Considerando que a la espía le tomaba dos semanas cruzar hacia Calixtho y que Senka y un ejército tardarían entre tres y cuatro semanas en alcanzarnos, estábamos algo cortas de tiempo.

El éxito del golpe final no dependía por completo de la intervención de Senka, pero su ayuda sería bienvenida. Su apoyo reduciría nuestras bajas y nos permitiría controlar la ciudad. La moral estaba tan baja que nadie defendería esta tierra en nombre de un rey mentiroso y oportunista.

Luego de nuestra llegada la situación se había hecho cada vez más difícil. Cian imponía controles cada vez más extremos, las calles se llenaban de cabezas y miembros arrancados de cuajo de los que se atrevían a leer la traducción de los documentos sagrados. Los campesinos eran los que se llevaban la peor parte y por esa razón la comida escaseaba.

Por fin alcancé nuestro escondite en una de las tantas casas aliadas. Cada día nos rotábamos para evitar ser descubiertos.

Subí por el balcón y entré con soltura. La puerta siempre estaba abierta. —Todo listo —informé a Eneth. La aludida asintió, llevaba en la boca un trozo de pan duro, nuestro único alimento en los últimos días.

—Nosotros también estamos listos —informaron los dueños de la casa. Zael y Kel, dos hermanos herederos de un pequeño bar. Eran jóvenes y sus ideas y filosofía estaba en contra de las del rey Cian y las que pretendían hacer perdurar los nobles.

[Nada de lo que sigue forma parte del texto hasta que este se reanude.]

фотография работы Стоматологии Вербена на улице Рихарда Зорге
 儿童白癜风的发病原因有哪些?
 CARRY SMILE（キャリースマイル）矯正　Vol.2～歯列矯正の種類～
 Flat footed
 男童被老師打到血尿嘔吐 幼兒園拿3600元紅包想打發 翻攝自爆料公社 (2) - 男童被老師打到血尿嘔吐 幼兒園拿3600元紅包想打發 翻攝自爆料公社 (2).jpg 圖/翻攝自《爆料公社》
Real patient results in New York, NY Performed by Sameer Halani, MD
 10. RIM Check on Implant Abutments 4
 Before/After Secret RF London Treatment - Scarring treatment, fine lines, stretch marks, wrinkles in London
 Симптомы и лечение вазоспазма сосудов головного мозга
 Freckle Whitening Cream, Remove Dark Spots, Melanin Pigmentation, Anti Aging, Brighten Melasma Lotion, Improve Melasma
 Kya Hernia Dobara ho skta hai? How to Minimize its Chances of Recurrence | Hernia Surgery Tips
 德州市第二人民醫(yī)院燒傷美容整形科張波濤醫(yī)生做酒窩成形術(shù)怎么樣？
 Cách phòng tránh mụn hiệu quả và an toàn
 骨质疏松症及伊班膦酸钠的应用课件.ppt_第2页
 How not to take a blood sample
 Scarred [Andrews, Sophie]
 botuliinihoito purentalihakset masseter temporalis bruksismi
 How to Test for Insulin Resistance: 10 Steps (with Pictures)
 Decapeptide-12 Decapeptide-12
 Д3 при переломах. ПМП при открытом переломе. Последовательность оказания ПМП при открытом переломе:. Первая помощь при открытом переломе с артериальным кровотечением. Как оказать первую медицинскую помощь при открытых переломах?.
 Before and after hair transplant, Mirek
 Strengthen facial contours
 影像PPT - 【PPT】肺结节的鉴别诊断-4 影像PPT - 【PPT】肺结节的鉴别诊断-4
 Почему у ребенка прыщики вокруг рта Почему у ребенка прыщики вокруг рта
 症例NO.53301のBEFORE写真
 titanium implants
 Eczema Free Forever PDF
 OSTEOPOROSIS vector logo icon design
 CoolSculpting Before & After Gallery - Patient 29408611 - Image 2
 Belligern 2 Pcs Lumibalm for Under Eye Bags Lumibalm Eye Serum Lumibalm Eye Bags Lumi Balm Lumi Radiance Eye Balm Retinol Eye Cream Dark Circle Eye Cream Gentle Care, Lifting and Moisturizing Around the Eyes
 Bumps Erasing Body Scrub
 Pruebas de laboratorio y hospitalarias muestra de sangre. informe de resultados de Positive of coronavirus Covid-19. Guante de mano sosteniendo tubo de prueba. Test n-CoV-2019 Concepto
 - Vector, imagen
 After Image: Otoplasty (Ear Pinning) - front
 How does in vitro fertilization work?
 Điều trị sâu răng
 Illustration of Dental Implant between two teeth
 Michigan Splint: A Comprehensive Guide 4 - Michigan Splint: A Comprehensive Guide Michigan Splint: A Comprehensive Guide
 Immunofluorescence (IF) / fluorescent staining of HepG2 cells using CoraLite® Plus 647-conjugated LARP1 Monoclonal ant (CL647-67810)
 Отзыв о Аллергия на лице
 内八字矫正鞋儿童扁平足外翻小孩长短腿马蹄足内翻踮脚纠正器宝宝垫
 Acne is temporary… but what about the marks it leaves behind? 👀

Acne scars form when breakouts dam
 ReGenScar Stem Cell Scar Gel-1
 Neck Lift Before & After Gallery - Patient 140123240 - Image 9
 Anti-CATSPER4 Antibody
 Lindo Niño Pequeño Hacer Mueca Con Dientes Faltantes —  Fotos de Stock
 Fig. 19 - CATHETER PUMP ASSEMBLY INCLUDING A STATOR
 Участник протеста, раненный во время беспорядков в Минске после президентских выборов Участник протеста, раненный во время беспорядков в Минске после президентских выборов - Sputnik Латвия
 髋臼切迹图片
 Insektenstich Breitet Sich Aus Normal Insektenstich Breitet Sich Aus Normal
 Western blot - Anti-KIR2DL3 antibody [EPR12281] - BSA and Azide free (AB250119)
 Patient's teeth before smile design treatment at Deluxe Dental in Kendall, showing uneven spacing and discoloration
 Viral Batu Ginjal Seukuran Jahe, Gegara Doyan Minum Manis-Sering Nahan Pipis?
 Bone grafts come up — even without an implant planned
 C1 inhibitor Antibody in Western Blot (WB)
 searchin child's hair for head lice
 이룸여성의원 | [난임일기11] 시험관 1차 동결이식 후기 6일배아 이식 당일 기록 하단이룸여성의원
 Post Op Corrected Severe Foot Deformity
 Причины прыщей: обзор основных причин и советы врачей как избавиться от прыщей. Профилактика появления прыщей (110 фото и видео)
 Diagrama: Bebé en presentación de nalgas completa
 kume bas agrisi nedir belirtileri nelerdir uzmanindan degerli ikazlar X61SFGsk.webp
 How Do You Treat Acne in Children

Eneth había tenido que aprender a confiar en los hombres. Muchas veces tenía que pasear de la mano de Nico por las calles, se hacía pasar por su abnegada esposa y repartía informes y órdenes entre los rebeldes.

En cierto punto era divertido sacar de sus casillas a Cian. Alimentar revueltas, planificarlas y liberar prisioneros religiosos eran el pan de cada día. Todo estaba cuidadosamente estudiado para desestabilizarlo, demostrar su incapacidad para gobernar y el alcance de sus mentiras al pueblo. Pocos creían ahora las palabras de un tirano confeso.